1-1パッケージ製品をIaaS環境上で稼働させる

 クラウド型のERPが普及し始めたのは、AWS(Amazon Web Service)をはじめとする大手クラウドベンダーのIaaSサービスが国内に本格上陸した2011〜2012年までさかのぼる。当時は、オンプレミスの環境で運用していたERPを、IaaS環境上に移行することで、ハードウェアの調達費や運用費を大幅に削減できるとされた。

 しかし、企業の基幹業務を担うERPの運用には、安定性や堅牢(けんろう)性が求められる。それをIaaS環境で確保するには、運用ノウハウが必要であり、それなりの運用負荷が掛かることが分かってきた。
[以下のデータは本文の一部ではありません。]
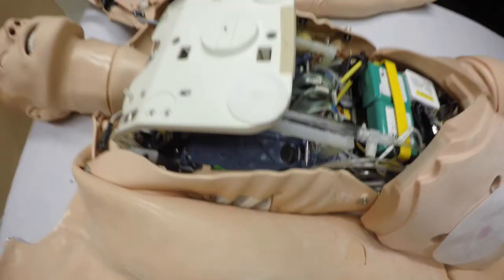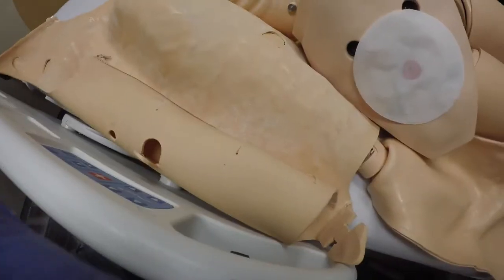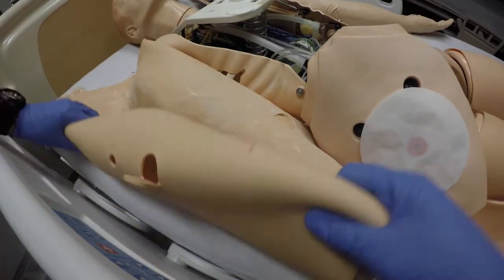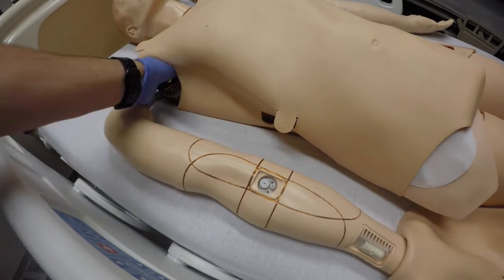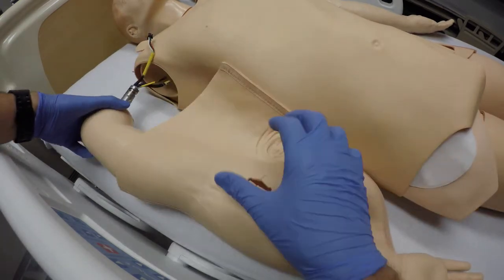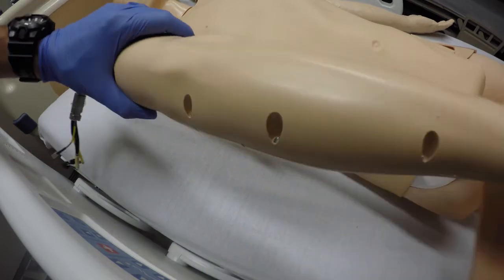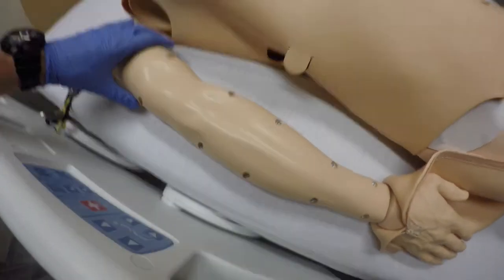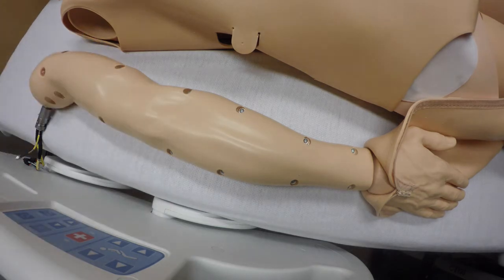Now I'm going to lay the chest plate back down, put the skin back over, and remove the arm. Go ahead and guide the wires out because they can catch sometimes. I've already unzipped the skin and the arm. On the back side, you're either going to have Phillips screws or a Torx size — typically you're going to have Phillips though.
そこで登場したのが、IaaS環境でのERP運用をワンストップで請け負うマネージドサービスだ。これを活用することで、企業はERPの運用にかかわる作業の大部分をアウトソースできるようになった。

 ERPのマネージドサービスをベンダー自らが提供するケースも少なくない。例えば、国産ERPベンダーの代表格であるワークスアプリケーションズでは、2011年から早くも同社のERPパッケージ製品「COMPANY」のAWSでの運用をサポートするとともに、同社自らマネージドサービスを提供している。(図1)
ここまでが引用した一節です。